Es curioso que además este no imponer «nuestra moral» solo funciona en una dirección y solo en unos temas sí en otros no. Si yo digo que abortar es malo entonces estoy imponiendo mi moral y soy machista, retrógrada, fascista e inmisericorde. Si otro dice que tener relaciones con menores es estupendo porque los niños deben de vivir su sexualidad libremente desde la cuna entonces es «su moral» y yo no debo inmiscuirme.
La siguiente mentira es «imponer». Y aquí hay dos vertientes:
- En primer lugar, hay cuestiones que sí se deben imponer, puesto que afectan a un tercero inocente y debo evitar que se haga daño a ese inocente. Esto lo marca la ley civil muchas veces. Se me impone que yo no pueda matar a nadie, ni maltratarlo, ni abusar de él. Vivimos llenos de imposiciones, algunas injustas y muchas justas y necesarias. Se me impone que pare en un semáforo en rojo porque si me lo salto me mato yo y puedo matar a otros.

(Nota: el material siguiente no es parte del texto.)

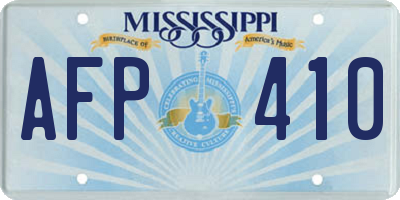 MS license plate AFP410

Pero, ciertamente, hay otras en que no cabe esa imposición, puesto que entra dentro del libre albedrío de las personas. Pero, ojo, la trampa está en que la proposición no es imposición, bien al contrario, es un homenaje al libre albedrío y un bien para la persona.
Proponer la fe y proponer la verdad no solo es nuestro deber, sino el mayor favor que le podemos hacer a alguien. Siempre queda en su libertad acogerla o rechazarla, pero no podrá acoger o rechazar algo que desconoce, esto no le hace más libre sino más ignorante.
La fe es contagiosa por naturaleza, cuando uno descubre un tesoro quiere compartirlo.
Saberse débil y pecador no es una desgracia, es en primer lugar vivir en la verdad y en segundo lugar, finalmente es una fuente de alegría y de paz porque nuestra miseria atrae la Misericordia, nuestra debilidad atrae la fuerza de Dios.